Why Don’t We All Become Estonia?

By Shlomo Maital

Estonia – digital society

      Estonia — the Republic of Estonia — is a small, clever country on the eastern coast of the Baltic Sea in Northern Europe, population 1.3 million. It is the most digital country in the world. People vote online, pay taxes (in 20 minutes) online, and the government has meetings online (for ministers who are abroad and travelling).

     Clearly, this is the future. You can provide quality services to your citizens by moving them online, saving queues, money and frustration.

       So – recently, at an entrepreneurship conference in Mexico, I asked the Vice-Minister of Economics, from Estonia, (who briefly presented how Estonia has digitized public services),   why don’t other countries beat a path to his door to learn how?

       Of course, he did not know…and the question really was directed at my own country, Israel, and other countries, including the US.

       This is a mystery. Countries have closed their windows and doors. They do not practice best-practice benchmarking, when the benefits of using it are huge.

     Well-run businesses regularly and systematically benchmark their key business processes against the best practices of other organizations, both within their industry and outside it. Countries, too, are businesses. Countries should also practice best-practice benchmarking, as a fundamental policy tool, by asking two simple questions: What do other nations do better than we? And how can we adapt and adopt what they do, to improve the wellbeing of our citizens? Knowledge of best practices is in general not privileged or secret, is widely available, yet is significantly underused by countries, including Israel, even though the benefits of using it can be striking.

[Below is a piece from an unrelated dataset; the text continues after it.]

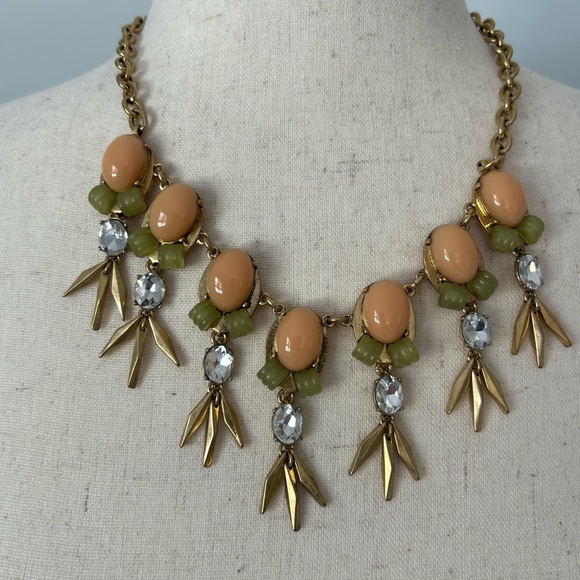 NWT J.Crew Vintage Stone and Crystal Statement Necklace - Picture 1 of 6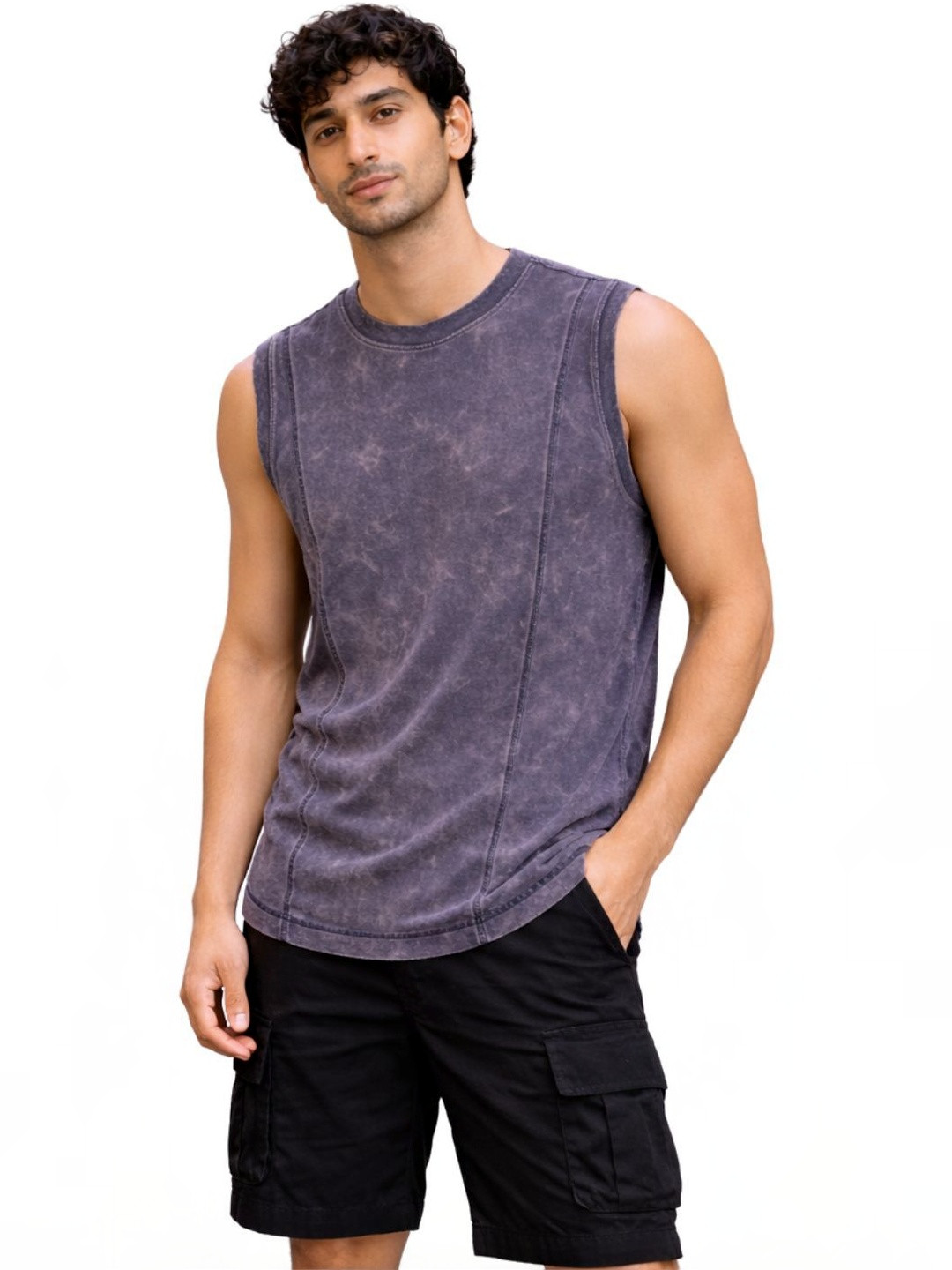 IZF Men Grey Cotton Sleeveless T-Shirt with Acid Wash Effect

   Israel has spent fortunes on a plan to digitize public services – but typically, we seem to have reinvented the wheel, rather than benchmarked other nations like Estonia, who are light years ahead of us.

     Why? When our ministers go on junkets abroad regularly and spend fortunes on them, why do they not visit places where they can learn?  

     A small suggestion: When the Prime Minister and other ministers return from forays abroad, make this a Law —   stand in front of a camera and tell us what you learned, what your take-home was, and what you intend to apply here at home, to make life better for your voters and citizens.   Bring us valuable take-homes, not just suitcases stuffed with things from Macy’s.